Defense nominees should be a higher priority for the Senate "based on what they want our industry to do" to help arm Ukraine, he said.
"You've got to have people that you can work with that are Senate-confirmed," Punaro said. "Career people are OK, but … there's a difference."
Former Defense Secretary Ash Carter, who died last week and whose career included a stint as the Pentagon's top weapons buyer in the Obama administration, had even offered last month to help convince leaders to hold votes on Plumb and Taylor-Kale. Punaro said he and Carter discussed it several times, and the former Pentagon chief agreed to the approach the Friday before he died.
Also on the waiting list is Pentagon weapons tester Nickolas Guertin, who is Biden’s pick to be the Navy’s acquisition chief, though the White House hasn’t formally nominated him yet. His selection comes as the Navy battles with Congress over whether to scrap numerous vessels the service contends aren’t worth the cost to maintain. But the delay in Guertin’s nomination means his confirmation will likely get punted to the next session.
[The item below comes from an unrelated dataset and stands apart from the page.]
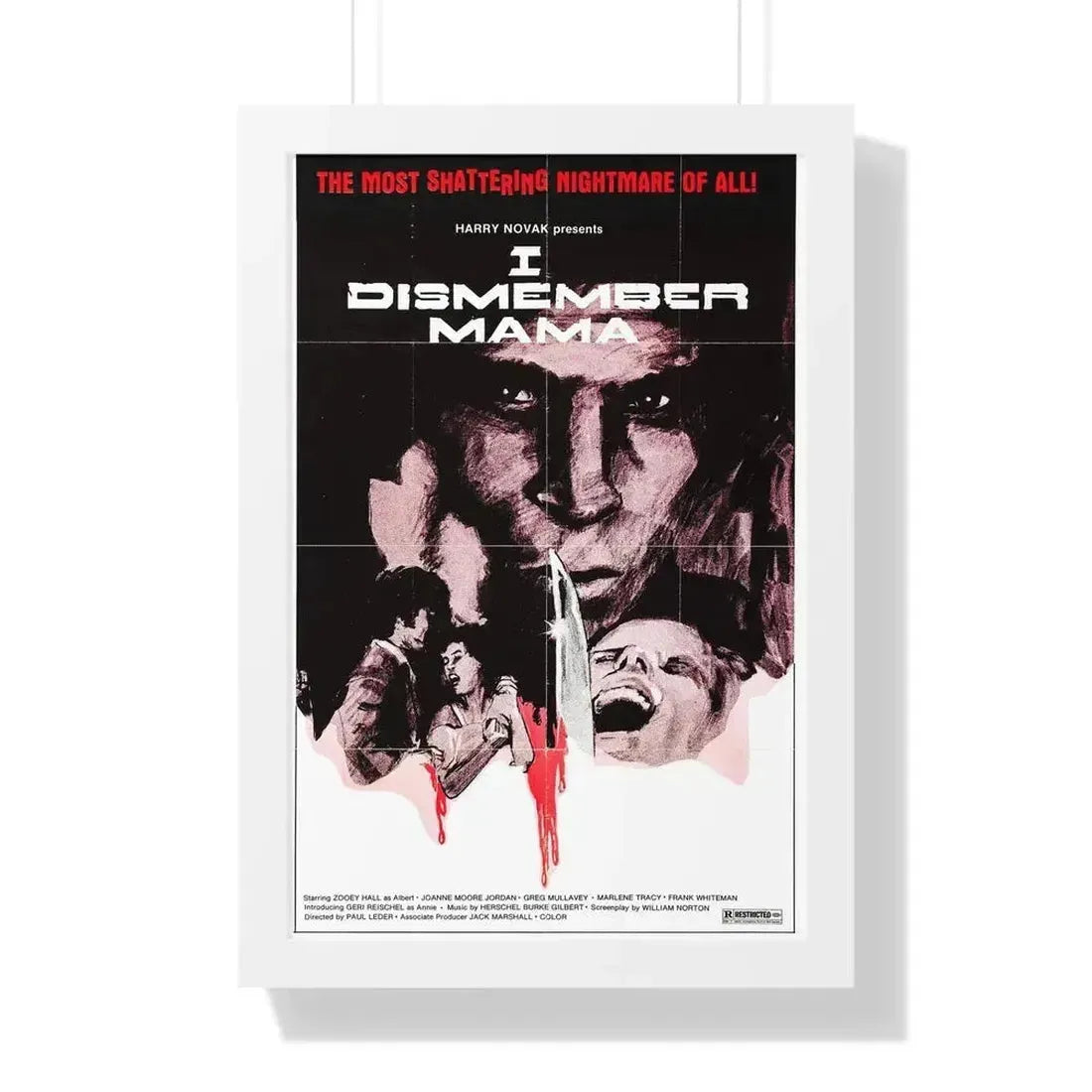 I DISMEMBER MAMA 1972 - Framed Movie Poster 16″ x 24″ White - The Sticker Space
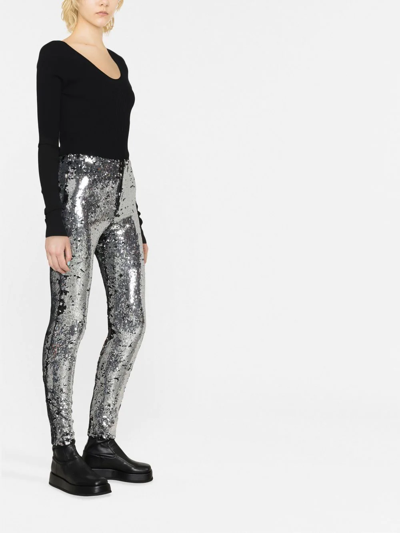 Isabel Marant Black And Silver Madilio Sequinned Leggings In Black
Former Pentagon inspector general Glenn Fine is also making the case for the Senate to confirm an IG, which has been filled on an acting basis for more than six years. Biden’s pick for the job, Robert Storch, was approved by the Armed Services Committee in March but still hasn’t received a vote. In an Oct. 20 Government Executive op-ed, Fine called the delay “a mistake.”
"Serving in an acting position is not the same as being the permanent office holder. Some people in the agency — and some even in the IG’s office — think they can wait you out," Fine wrote. "And a permanent IG can more readily set strategic policy and make long-term personnel decisions."
Then-President Donald Trump pushed Fine out of the acting job in early 2020, replacing him with Sean O'Donnell, inspector general of the Environmental Protection Agency. O’Donnell still fills both posts nearly two years into the Biden administration.
"It's hard enough to provide oversight of one agency as an IG. It’s virtually impossible to handle two IG jobs, particularly when one of them involves the largest agency in government," Fine wrote.
Biden has nonetheless made progress in naming his Pentagon team despite the logjam. Just one post, the assistant secretary for acquisition, doesn’t have a nominee out of the 57 Senate-confirmed civilian Pentagon jobs.
Armed Services leaders, meanwhile, will be focused primarily on passing their annual defense policy bill when the Senate returns the week after the elections. With little time left in the session, Reed and ranking Republican Jim Inhofe of Oklahoma aim to quickly pivot to negotiations with the House and produce a compromise bill that can get to Biden’s desk by the end of the year.
It's unclear whether Senate Democrats will force the issue on stalled national security nominees, a stalemate Reed chafes at.
"It's annoying in a way, because we are talking about people who play key roles in ensuring the safety and the welfare of men and women in the field,” Reed said.